What is the tetralogy of Fallot? Is it really four lesions? What is the principal anatomic lesion?

What are the reasons that this child would have received a palliative shunt for his first surgical procedure rather than a definitive repair? Are there any long-term consequences of a Blalock-Taussig shunt (BTS) of importance to you as an anesthesiologist?

The patient is extremely apprehensive and very scared of needles. How will you gain his confidence so that you can perform a physical exam? How will you assess him for volume status and dehydration? Would you expect his hematocrit to be any different today than it was 2 months ago? What do you expect his oxygen saturation to be? Any additional lab studies you would like to see? Any additional diagnostic cardiac information you would like to have? What would you expect to find on echocardiogram?

He has a “tet spell” in the examining room…how do you manage it? What is a “tet spell,” physiologically and anatomically? Why do you choose the maneuvers you choose? Would it be any different in the preoperative holding area? How about in the operating room during induction?

A palliative shunt is typically done in institutions not versed in infant cardiac surgery utilizing cardiopulmonary bypass (CPB) or in resource-limited environments. The long-term adverse consequences of such a shunt would be (1) poor growth of the native pulmonary arteries due to preferential blood flow to one lung, stenosis at the anastomosis site, or chronic low pulmonary blood flow. In the worst case scenario, the branch pulmonary arteries might become discontinuous. (2) Progression of RVH as placement of a shunt does not address RVOT obstruction and thereby does not remove the stimulus for continued hypertrophy.Following a classic BTS, the right arm will not be a reliable source of either noninvasive or invasive BP monitoring as perfusion to the arm is provided via collateral vessels around the shoulder and scapula. Following a modified BTS (graft from innominate artery to right pulmonary artery), accurate blood pressures might be obtainable, but this will have to be determined by comparison with noninvasive pressures from the contralateral arm.

Volume status would be assessed in this child as in any child of similar age. The erythrocytosis associated with cyanosis is progressive; however, hematocrits above 70 % are rare. A baseline oxygen saturation of 60–70 % with desaturation episodes into the 40–50 % range would be expected. A platelet count would be useful as erythrocytosis is associated with thrombocytopenia.
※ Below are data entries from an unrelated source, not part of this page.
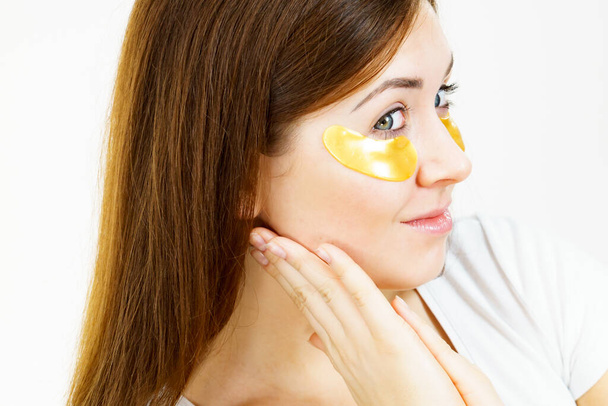 Young woman with golden collagen patches, under eye pads. Mask removing wrinkles and dark circles. Girl taking care of delicate skin around eyes. Beauty treatment. - Foto, Imagem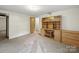 This bedroom features neutral walls, plush carpeting, and a built in cabinet to match the door at 220 Lakeview Dr, Belmont, NC 28012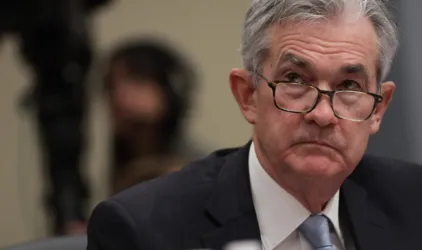 Fed says new COVID Omicron strain threatens economic recovery
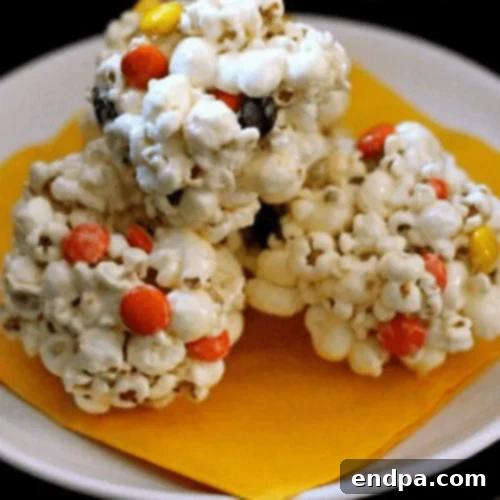Fall Popcorn Balls studded with orange, yellow, and brown Reese's Pieces.
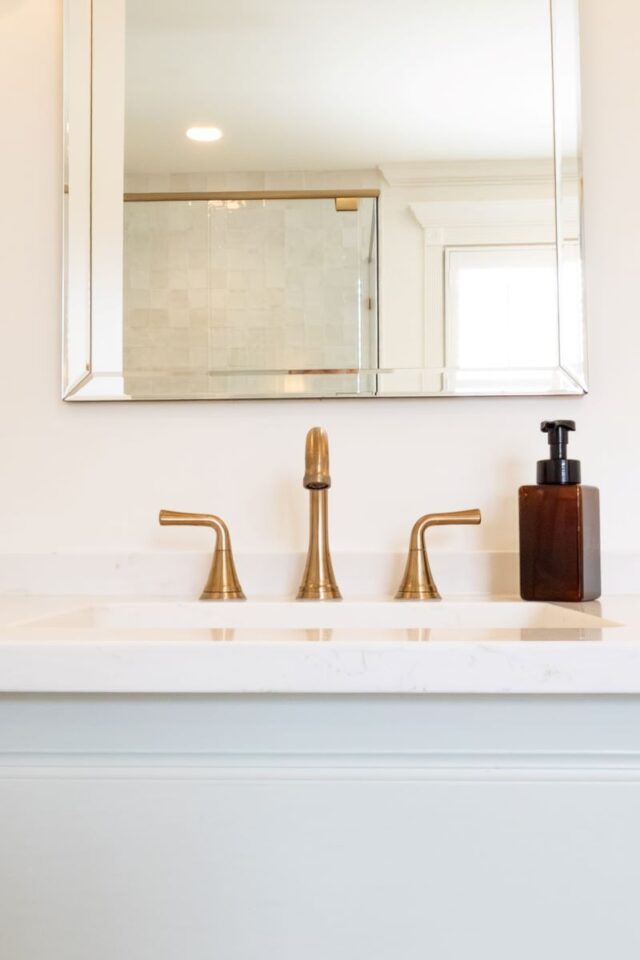 Elegant bathroom sink with gold fixtures and mirror.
A PT and PTT would be useful as chronic cyanosis is associated with poorly defined coagulation abnormalities. It would be necessary to know the status of the pulmonary vasculature. Specifically, it is necessary to know whether the pulmonary arteries are continuous and of normal size. The echocardiogram will demonstrate severe RVH and there will be bidirectional flow across the VSD. It is possible that the flow across the VSD could be entirely right to left with all pulmonary blood flow supplied by the Blalock-Taussig (BT) shunt.
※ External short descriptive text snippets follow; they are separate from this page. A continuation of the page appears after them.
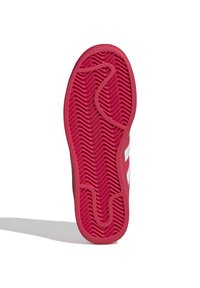 Röd sneakersula med fiskbensmönster och ett löst snöre på vit bakgrund med delvis synliga sidostråkar.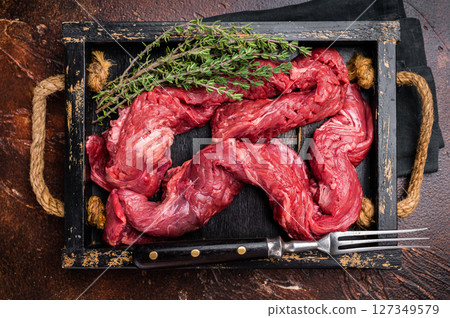 Beef cut Machete Skirt Steak, raw marble meat in wooden tray. black background. top view 127349579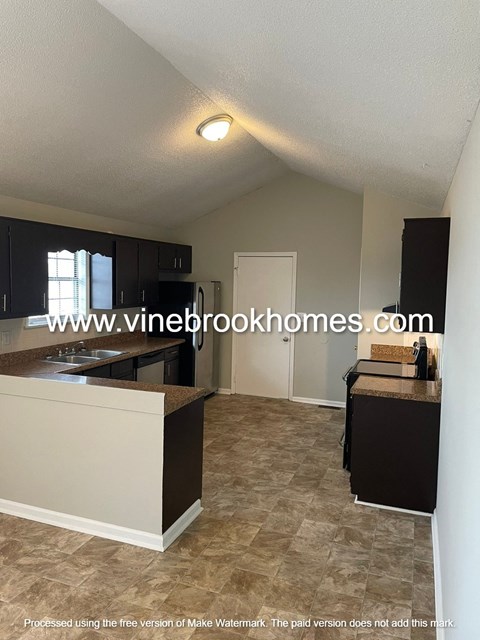 A kitchen with a counter and cabinets.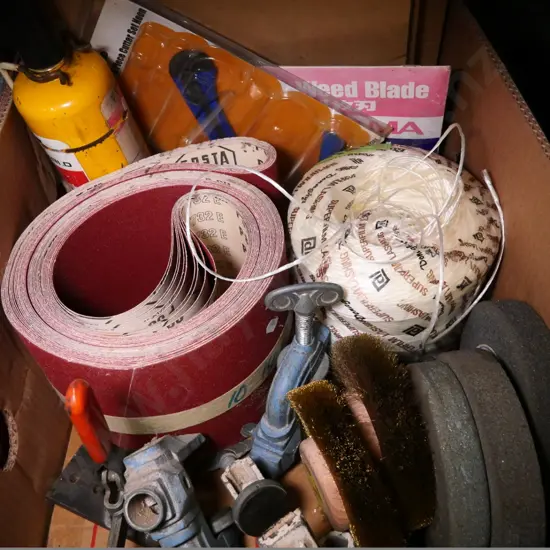 box of allsorts: saw blades, sandpaper, string, etc.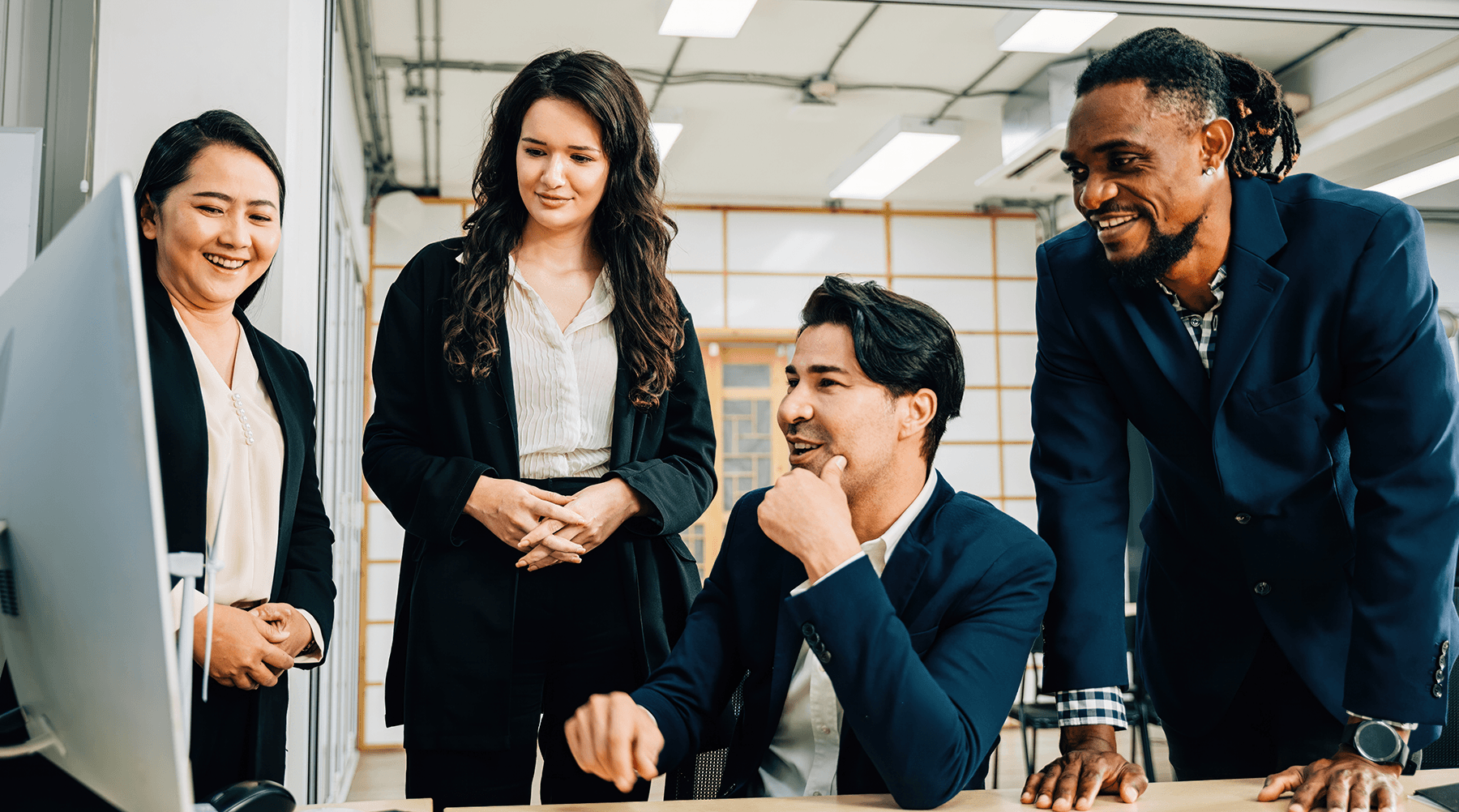 group of business people standing around a computer reading the best Microsoft Teams tips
A “tet spell” is simply an exacerbation of the dynamic component of RVOT obstruction that results in increased right to left shunting across the VSD. It will be precipitated by physiologic perturbations that reduce the caliber of the RVOT: (1) reduced venous return and (2) increases in shortening and thickening of the free wall and septum of the RV. Treatment is directed at these causes. Alternatively treatment can be directed toward increasing systemic vascular resistance (SVR) which will reduce right to left shunting at the VSD but does nothing to treat the underlying cause of the “tet spell.” The only difference between the holding area and the operating room is the extent of monitoring, qualified personnel, and drug choices available.